> _Required action_:
In the records below, find the line with "SLC2A9 / GLUT9" and repeat exactly every line from it through the line with "3D illustration 105985262". Pictures stay out.

> _Provided data_:
++++++++++++++++++++
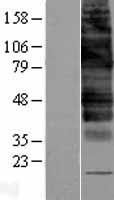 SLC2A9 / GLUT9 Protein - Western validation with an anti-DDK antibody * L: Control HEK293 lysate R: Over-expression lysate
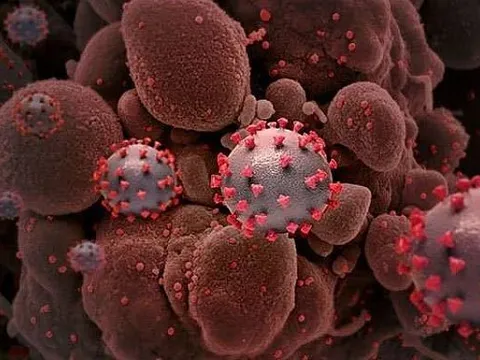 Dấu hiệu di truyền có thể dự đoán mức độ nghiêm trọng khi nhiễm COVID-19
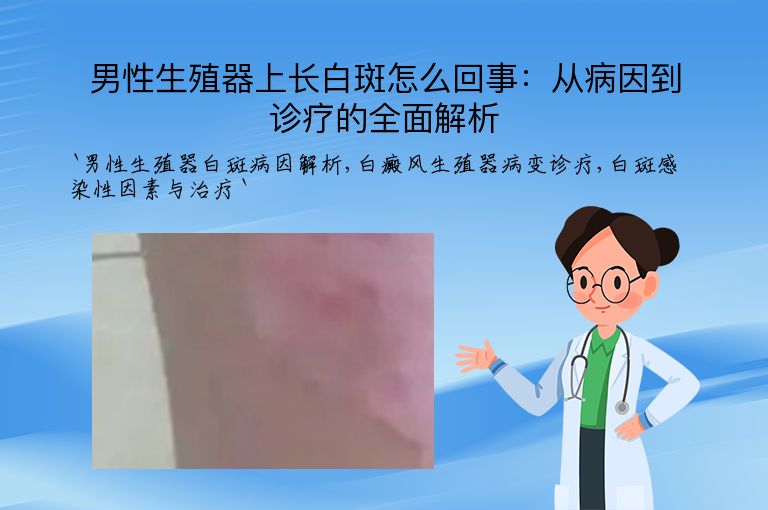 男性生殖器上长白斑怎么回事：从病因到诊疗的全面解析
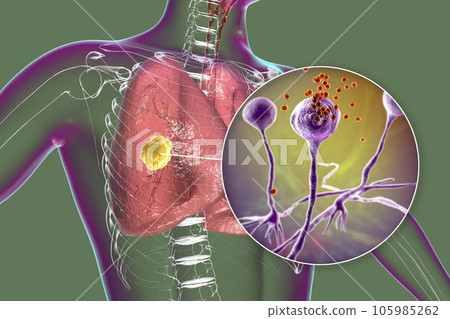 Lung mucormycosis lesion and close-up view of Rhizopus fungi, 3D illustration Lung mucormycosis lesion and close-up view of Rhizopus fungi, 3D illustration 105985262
++++++++++++++++++++
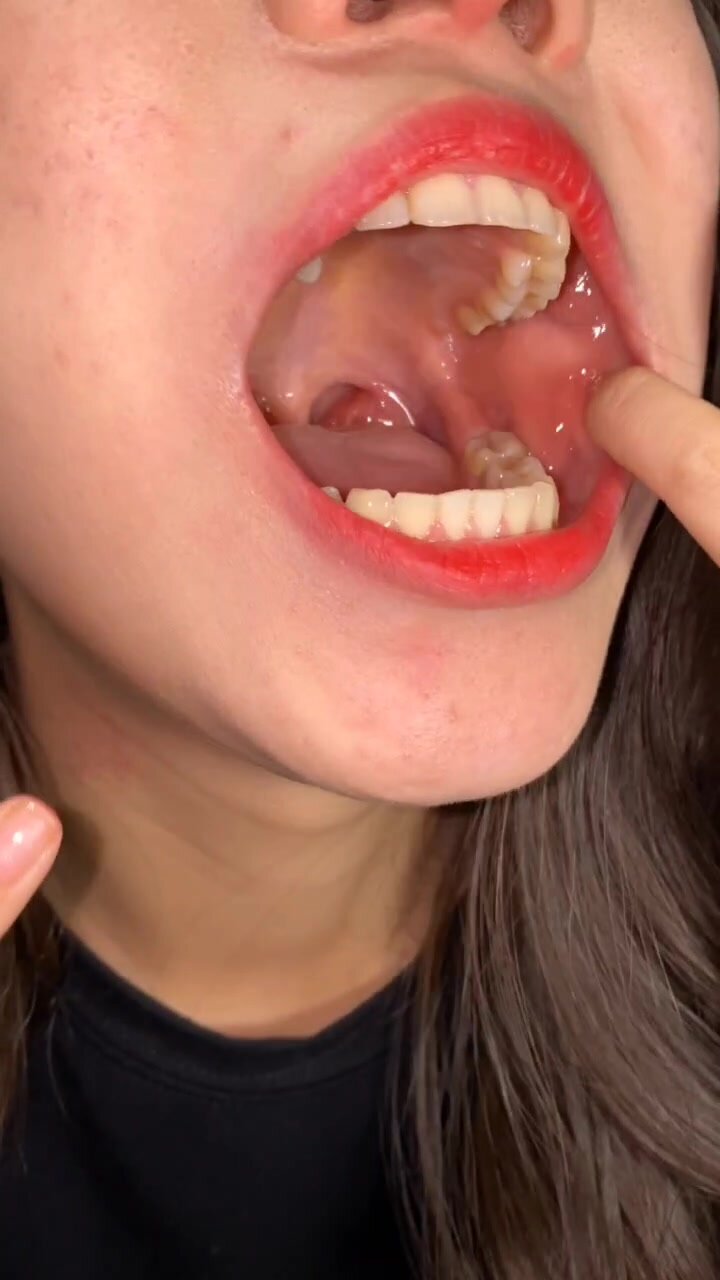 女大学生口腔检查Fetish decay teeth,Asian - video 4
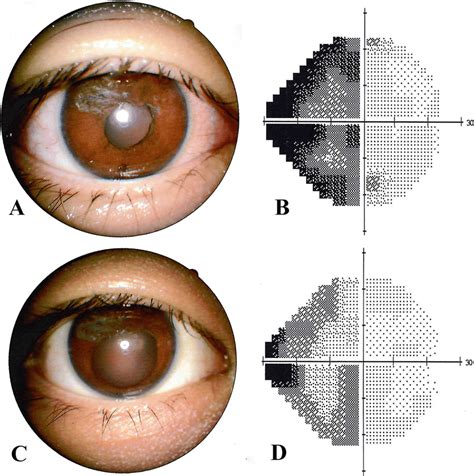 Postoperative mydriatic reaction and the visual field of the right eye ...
++++++++++++++++++++
> _Result of this task_:
 SLC2A9 / GLUT9 Protein - Western validation with an anti-DDK antibody * L: Control HEK293 lysate R: Over-expression lysate
 Dấu hiệu di truyền có thể dự đoán mức độ nghiêm trọng khi nhiễm COVID-19
 男性生殖器上长白斑怎么回事：从病因到诊疗的全面解析
 Lung mucormycosis lesion and close-up view of Rhizopus fungi, 3D illustration Lung mucormycosis lesion and close-up view of Rhizopus fungi, 3D illustration 105985262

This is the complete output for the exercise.